Nul n’ignore l’adage Dura lex, sed lex, la loi est dure mais c’est la loi….

Dans deux décisions de 2007 et de 2013, la Cour de cassation est revenue sur la nécessaire précision de la qualification du salarié recruté en CDD.

Dans la première décision, une femme avait été engagée par une société de travail temporaire, en qualité de « juriste fiscaliste », pour deux missions successives (la première entre le 10 décembre 2001 et le 12 juillet 2002 et la seconde du 5 août 2002 au 30 septembre 2002).

Elle avait été licenciée pour faute grave, le  11 octobre 2002, par la société de travail temporaire et avait contesté son licenciement devant le Conseil prud’homal.

Les juges du fond ayant requalifié les deux contrats d'intérim en contrats de travail à durée indéterminée (du 10 décembre 2001 au 12 juillet 2002 pour le premier et du 8 août 2002 au 11 octobre 2002 pour le second), l’employeur s’est pourvu en cassation.

L’un de ses deux principaux arguments était fondé sur la violation de l'article 124-4 du Code du travail.
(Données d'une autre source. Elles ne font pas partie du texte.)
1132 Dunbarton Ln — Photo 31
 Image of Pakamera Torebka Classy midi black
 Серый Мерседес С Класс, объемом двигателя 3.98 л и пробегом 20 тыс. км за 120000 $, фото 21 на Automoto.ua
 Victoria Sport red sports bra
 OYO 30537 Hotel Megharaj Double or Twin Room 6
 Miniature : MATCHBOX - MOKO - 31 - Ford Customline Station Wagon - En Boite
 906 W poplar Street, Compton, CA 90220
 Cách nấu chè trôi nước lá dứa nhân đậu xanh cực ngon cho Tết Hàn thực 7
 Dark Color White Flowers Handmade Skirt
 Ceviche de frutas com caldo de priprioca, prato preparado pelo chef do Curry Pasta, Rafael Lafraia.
En effet, selon lui, « la cour d'appel, qui décide qu'un contrat de mission doit comporter, outre la qualification du salarié remplacé et celle du salarié intérimaire, leur classification notamment par rapport aux catégories cadre et non cadre et qu'à défaut l'entreprise de travail temporaire s'est placée en dehors du champ d'application du travail temporaire, a ajouté une condition non requise par la loi » et a donc violé les dispositions du texte susvisé.

Mais la Cour de cassation ne l’a pas entendu.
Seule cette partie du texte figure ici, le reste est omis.